Hacker News new | ask | show | jobs
by capkutay 5013 days ago
"Part of the problem is that affluent tech workers want to have their cake and eat it too-everyone wants to live in cool, trendy neighborhoods in SF, and commute to their fancy jobs in the Valley."

It's a little unfair to make it seem like tech workers are spoiled for wanting to live in areas they'd enjoy living in. I know several people who tried to live in the south bay (burlingame, san mateo, mountain view) close to where they worked. It can be nice, but it can also be lonely and depressing. If you live in the south bay, it's likely all the places you frequently go to will at least be a 10-18 minute drive away from eachother (work, grocery store, your friends house, your favorite bar/restaurant).

San Francisco is one of the only places in the Bay Area where everything you want is in walking distance.

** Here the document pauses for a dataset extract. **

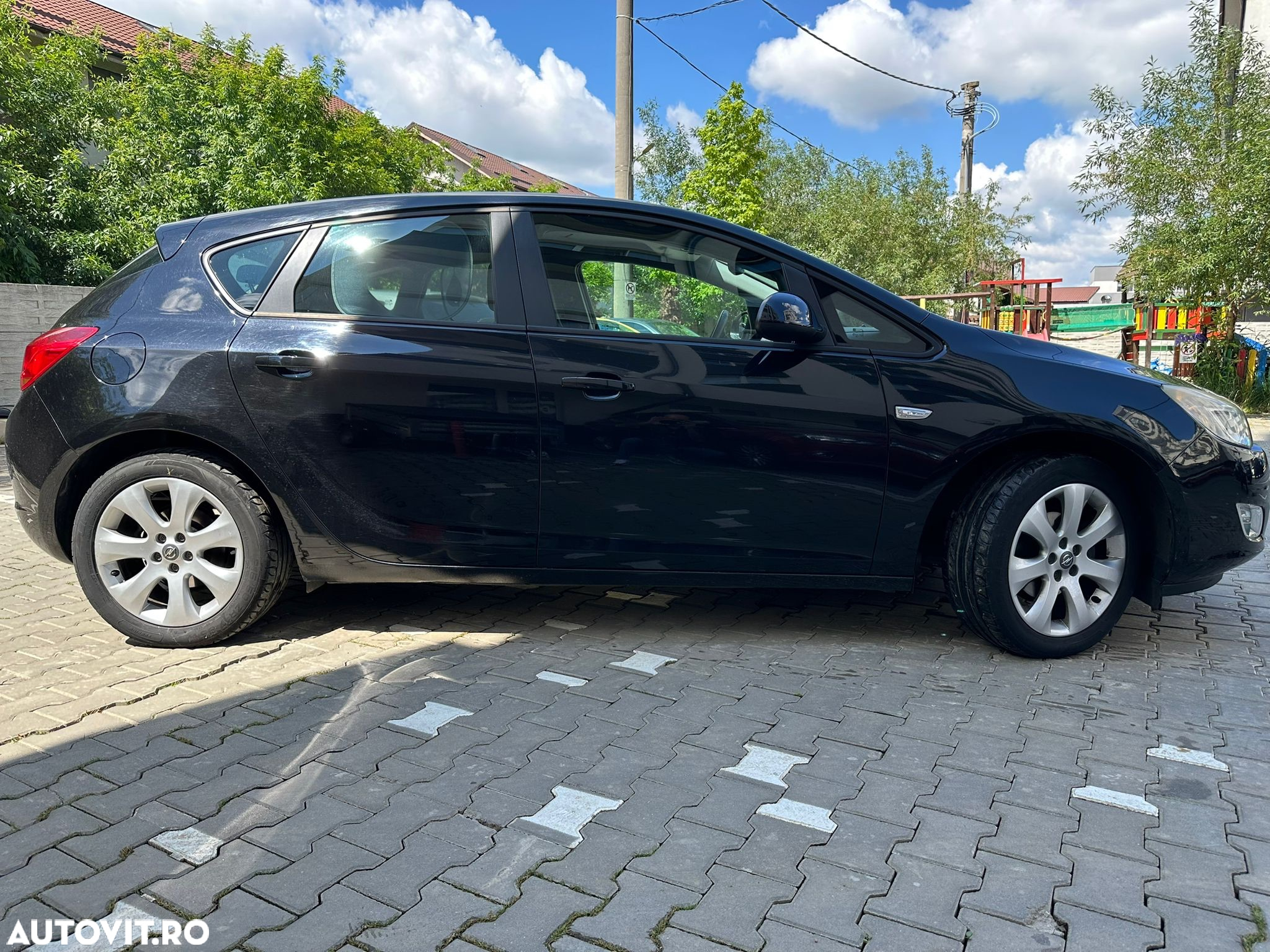 Opel Astra 1.4 Turbo Cosmo - 3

Disclaimer, I've lived in both SF and Palo Alto.

3 comments

This. I live in the city because my favorite club nights and shows are here and I don't need a designated driver to get home. When I lived in Mountain View, going out was such a hassle that I pretty much didn't bother. Even though I have to commute now, I'm sort of glad so many employers are in the 'burbs and giving homebodies good reasons to stay there; it slows down gentrification.

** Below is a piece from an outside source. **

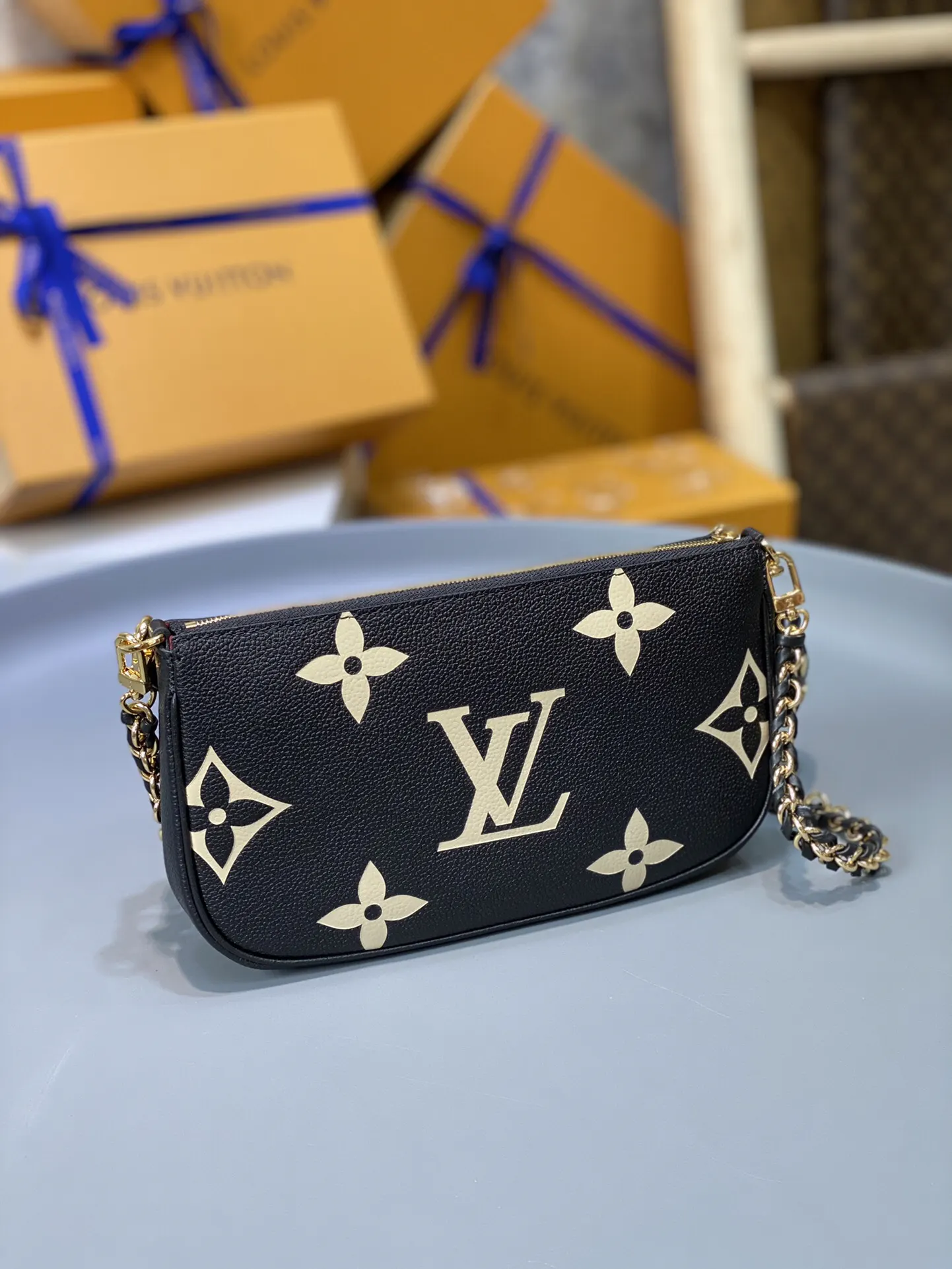 LV 金色 帆布 链条包 精致链条款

I'm sort of amazed the regional transportation system is so dysfunctional that five private busses on the same route with no shared capacity is the solution everyone settled on. But then I remember what a farce MUNI has become; I routinely see busses and trains so overloaded that riders literally can't squeeze into the doors, and sometimes nothing shows up at all.

I've stayed in Palo Alto and Menlo Park in hotels a lot, and while I can't speak for lots of other areas, what I can say is that despite the fact that I don't even have a drivers license (lived primarily in Oslo and London, so not really needed one), I had no problems getting around on foot.

Was it less convenient than what I'm used to? Yes. It'd have been great with more buses and trains. But it worked. I could get to the grocery store. I could get to plenty of shops. I could get to dozens of restaurants - I know this from making a point out of trying new restaurants every time I was in town - as well as bars etc. I'd even go in to SF now and again, though Caltrain's schedule is just atrocious (and for the record: years ago, I did go out clubbing in SF while staying in Santa Cruz without having a car to get me back - if you want it bad enough, even that works).

Once I stayed in Atherton, right on the edge near Redwood City, while the office I was visiting was in downtown Menlo Park, and I walked to/from most days. That's the only time when I thought things were a bit too inconvenient for my liking. Not so much the distances - it was only a 30-35 minute walk or so from what I remember - but due to the large plots in Atherton, the fastest walking route is along El Camino, and part of that stretch was pretty much without light or sidewalk or decent shoulder.

Sure, there are plenty of locations you could live in that area which would make managing on foot too inconvenient, and finding somewhere in the middle of Atherton or similar might not be great if you want to get to lots of stuff without a car, but there are plenty of parts of the Bay Area outside of SF which are viable on foot, and far more that are viable with short car journeys now and again

So, yes: Spoiled. Large parts of the worlds population - including in developed countries - are living places where getting to stuff they want or need takes far longer on average.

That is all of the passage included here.